Republicans are moving to remake the tax code, vowing to make it easier for individuals to pay Uncle Sam his due.
The tax plan, which was released on Thursday, is touted as simple enough to allow nine of 10 Americans to "file on a form as simple as a postcard. But it's also aimed at lowering corporate taxes, as well as eliminating the estate tax and other taxes that impact wealthy families.
Called the Tax Cuts and Jobs Act, the tax reform proposal is billed by Republican lawmakers as a path to job creation and higher wages for workers, even though there's little historical evidence that corporate tax cuts trickle down into higher pay for employees. Nevertheless, some low-wage and middle-class Americans are likely to benefit, thanks to a higher personal standard deduction and lower tax rates, although many may end up with fewer deductions, especially those in high-tax states. Middle-class gains may be scanty compared with those enjoyed by corporations and the wealthy, critics said.

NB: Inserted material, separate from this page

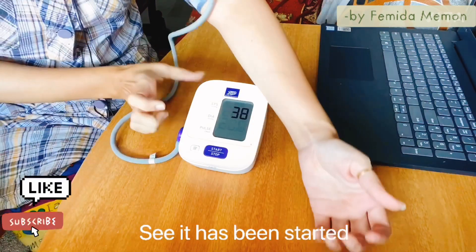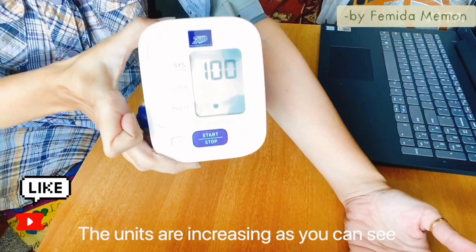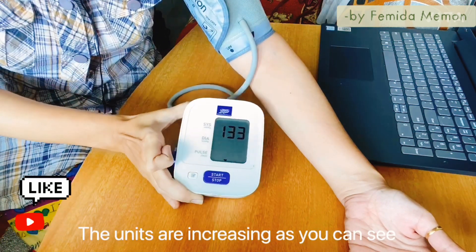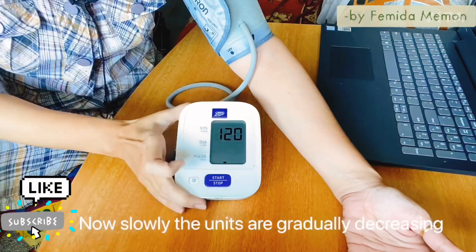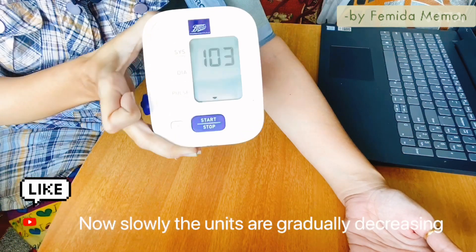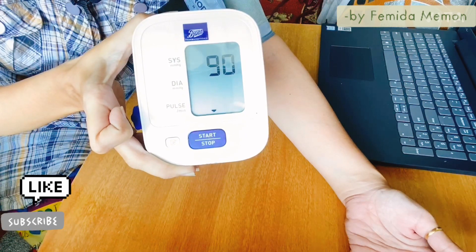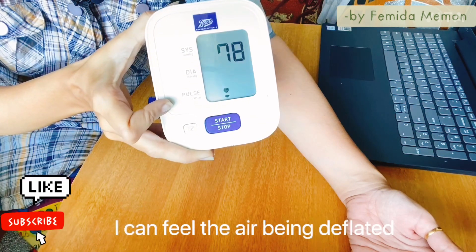The units are increasing as you can see on the screen. I can feel my arm inflating a little bit — the air is being inflated. Now they are decreasing — the units are decreasing and the air is deflating. Avoid talking during measurement, but as I am making this video I have to speak. I can feel the air being deflated and the units are decreasing.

"There is no evidence to suggest this plan as a whole will be positive for middle-income workers and much to suggest that when this is complete, it will be a significant net negative," said Gene Sperling, a former director of the National Economic Council and Assistant to the President for Economic Policy in The White House, on a conference call to discuss the tax plan. "You can lower somebody's taxes, but people understand there is no free lunch."
The tax cuts are unlikely to be offset by equivalent spending reductions, which could cause the federal budget deficit and debt to grow, Moody's Investors Service senior vice president Sarah Carlson said by email.
"It is unlikely that the increased taxable income from higher growth will compensate for the proposed cuts in tax rates," she added.
Many of the provisions in the proposal will help President Donald Trump's businesses and boost his personal income, said Seth Hanlon, a senior fellow at the liberal-leaning Center for American Progress. Those include the phase out of the estate tax and lower rates for pass-through income.
"It's almost as if this bill was written by Donald Trump's accountant," Hanlon said.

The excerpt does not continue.